Otto Zitko's artworks are equally expressive but more spontaneous and mirthful than Brandl's. Alternately scratchy, cloudy, hash-marked, swirling, murky, and darkly colorful, Zitko's drawings boldy capture intense and short-lived feelings and moments in such symbols as whirlpools, birds, people, and ducks, or in more abstract, purely lyrical images. Zitko's drawings are quick and pleasing, richly controlled and condensed, visual limericks and sonnets that exalt in their material immediacy and refinement.
Franz West's sculptures are the most literally and symbolically human, often taking the form of or referring to furniture and body parts. West combines the textural and structural differences of steel, plaster, fabric, paint, wire, and gold to make oddly animated and anthropomorphic chairs and tables, or extremely colorful and textural panels and appendages which insinuate if not literally represent the human body.
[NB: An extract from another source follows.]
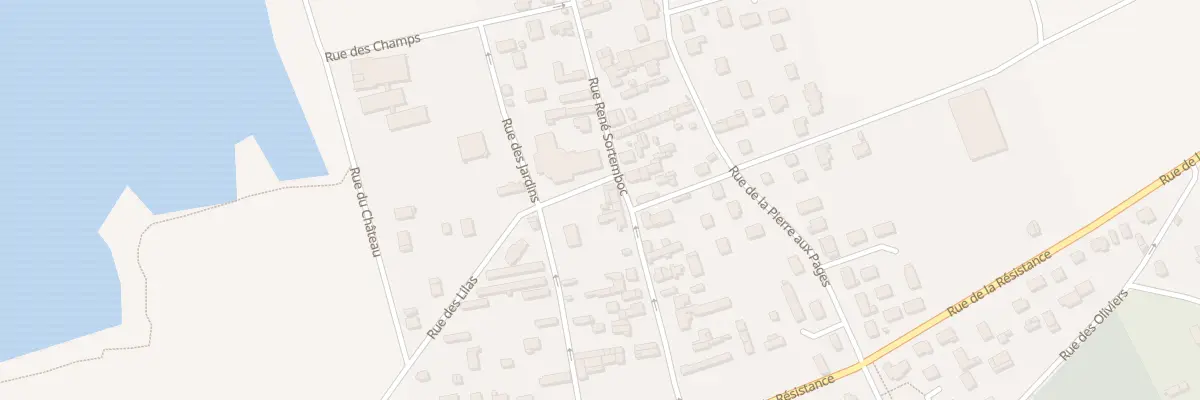 Plan du 197 Rue René Sortemboc à Cléon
West's sculptures ultimately merge and confuse furniture with the human body, and comment on how the inanimate objects that we make to accomodate our functional and aesthetic needs inevitably adopt human characteristics and forms.
All three artists share an interest in the pure physicality of traditional art materials and forms, and th powerful, yet mute feelings that skillful and thoughtful execution of these materials can emanate. One's physical experience and relationship to the artworks takes precedence over any predominantly linguistic or theoretical illustration or interpretation.